USDA's Joint Ag Weather Facility says in the Corn Belt, In the Corn Belt, showers and thunderstorms are mainly confined to northern and eastern corn and soybean production areas. "In the vicinity of the Great Lakes, cool weather accompanies the showers," USDA adds. In contrast, hot weather (today’s high temperatures will approach 95°F) is building across the southwestern Corn Belt, promoting crop development but reducing topsoil moisture, USDA continues.
In the West, USDA reports very cool weather prevails across California and the Northwest, but near- to above-normal temperatures are returning to the Four Corners States. "Scattered showers dot the Northwest, while a freeze warning is in effect early today in northern Idaho and environs," USDA details.
On the Plains, USDA says cool weather and scattered showers linger across Montana and North Dakota.
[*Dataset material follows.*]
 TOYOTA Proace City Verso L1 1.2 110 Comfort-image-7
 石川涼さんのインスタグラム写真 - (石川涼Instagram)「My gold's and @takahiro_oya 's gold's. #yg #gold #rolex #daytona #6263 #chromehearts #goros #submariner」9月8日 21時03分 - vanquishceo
In stark contrast, hot, dry weather has developed across the central and southern Plains, it adds. "The sudden heat, which should result in today’s high temperatures topping 100°F as far north as southwestern Nebraska, is promoting winter wheat maturation and harvesting," USDA explains.
In the South, USDA reports scattered showers east of the Mississippi River are causing minor fieldwork delays. "In fact, many locations across the interior Southeast would benefit from a soaking rainfall to improve pasture growth and reduce stress on summer crops," USDA adds. Meanwhile, favorably dry weather prevails in the western Gulf Coast region, it continues.
In its outlook, USDA says a low-pressure system currently crossing Minnesota will reach the Mid-Atlantic coast by Friday. "The storm system will help to focus rainfall that could total 1 to 3 inches or more," USDA elaborates. Meanwhile, a separate area of showers could result in an additional 1 to 2 inches of rain across the lower Southeast, according to USDA. Elsewhere, it says little or no rain will fall during the next five days from central and southern California to the central and southern Plains. "In addition, heat will persist or intensify across the nation’s midsection during the next few days before spreading into California and the Southwest during the weekend," USDA explains.